WHAT THE EXERCISE ASKS => Your task is to filter the entries and copy every line containing the string "Shirt".

EXTRACTED ENTRIES =>
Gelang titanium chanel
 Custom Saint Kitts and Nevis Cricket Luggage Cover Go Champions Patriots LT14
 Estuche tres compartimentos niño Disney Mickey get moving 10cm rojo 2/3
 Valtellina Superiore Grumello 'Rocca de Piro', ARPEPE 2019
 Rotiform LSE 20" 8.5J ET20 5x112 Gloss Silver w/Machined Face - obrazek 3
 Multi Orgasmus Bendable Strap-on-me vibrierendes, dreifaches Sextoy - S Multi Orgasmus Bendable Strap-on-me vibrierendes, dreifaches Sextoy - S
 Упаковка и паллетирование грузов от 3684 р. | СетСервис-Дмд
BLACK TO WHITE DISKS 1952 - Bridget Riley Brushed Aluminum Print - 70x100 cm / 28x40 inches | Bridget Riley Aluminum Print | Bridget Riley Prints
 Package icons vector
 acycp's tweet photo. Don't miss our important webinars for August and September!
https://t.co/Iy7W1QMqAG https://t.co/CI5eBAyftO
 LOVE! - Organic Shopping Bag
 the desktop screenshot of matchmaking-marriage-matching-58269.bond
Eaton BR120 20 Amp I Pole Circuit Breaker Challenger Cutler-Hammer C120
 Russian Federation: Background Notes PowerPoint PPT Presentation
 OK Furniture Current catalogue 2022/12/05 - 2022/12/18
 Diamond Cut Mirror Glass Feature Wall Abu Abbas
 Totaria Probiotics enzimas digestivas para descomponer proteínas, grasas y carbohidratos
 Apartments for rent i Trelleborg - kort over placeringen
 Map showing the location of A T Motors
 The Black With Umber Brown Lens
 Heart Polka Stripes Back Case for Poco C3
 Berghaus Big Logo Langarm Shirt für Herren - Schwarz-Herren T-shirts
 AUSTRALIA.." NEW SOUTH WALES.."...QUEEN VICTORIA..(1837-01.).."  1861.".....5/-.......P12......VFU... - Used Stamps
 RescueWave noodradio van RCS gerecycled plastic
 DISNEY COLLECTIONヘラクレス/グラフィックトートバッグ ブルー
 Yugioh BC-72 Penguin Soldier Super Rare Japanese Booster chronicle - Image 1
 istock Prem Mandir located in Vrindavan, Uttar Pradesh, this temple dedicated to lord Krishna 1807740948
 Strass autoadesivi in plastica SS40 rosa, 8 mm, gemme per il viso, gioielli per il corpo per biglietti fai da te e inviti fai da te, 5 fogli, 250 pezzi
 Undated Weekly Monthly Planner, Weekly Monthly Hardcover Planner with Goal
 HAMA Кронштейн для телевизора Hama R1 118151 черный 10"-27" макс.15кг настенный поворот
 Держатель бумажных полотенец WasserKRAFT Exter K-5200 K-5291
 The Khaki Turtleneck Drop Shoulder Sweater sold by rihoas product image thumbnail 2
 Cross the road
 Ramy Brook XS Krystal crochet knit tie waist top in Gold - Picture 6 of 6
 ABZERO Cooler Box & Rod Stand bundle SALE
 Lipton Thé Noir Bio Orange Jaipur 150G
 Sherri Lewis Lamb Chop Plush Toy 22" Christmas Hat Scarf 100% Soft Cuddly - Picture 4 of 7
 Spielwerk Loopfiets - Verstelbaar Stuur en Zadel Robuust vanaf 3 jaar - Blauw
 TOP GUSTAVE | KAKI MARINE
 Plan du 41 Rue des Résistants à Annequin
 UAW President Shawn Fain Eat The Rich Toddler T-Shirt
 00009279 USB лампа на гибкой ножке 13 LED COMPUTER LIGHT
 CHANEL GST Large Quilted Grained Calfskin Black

SOLUTION FOR THIS EXERCISE =>
 Berghaus Big Logo Langarm Shirt für Herren - Schwarz-Herren T-shirts
 UAW President Shawn Fain Eat The Rich Toddler T-Shirt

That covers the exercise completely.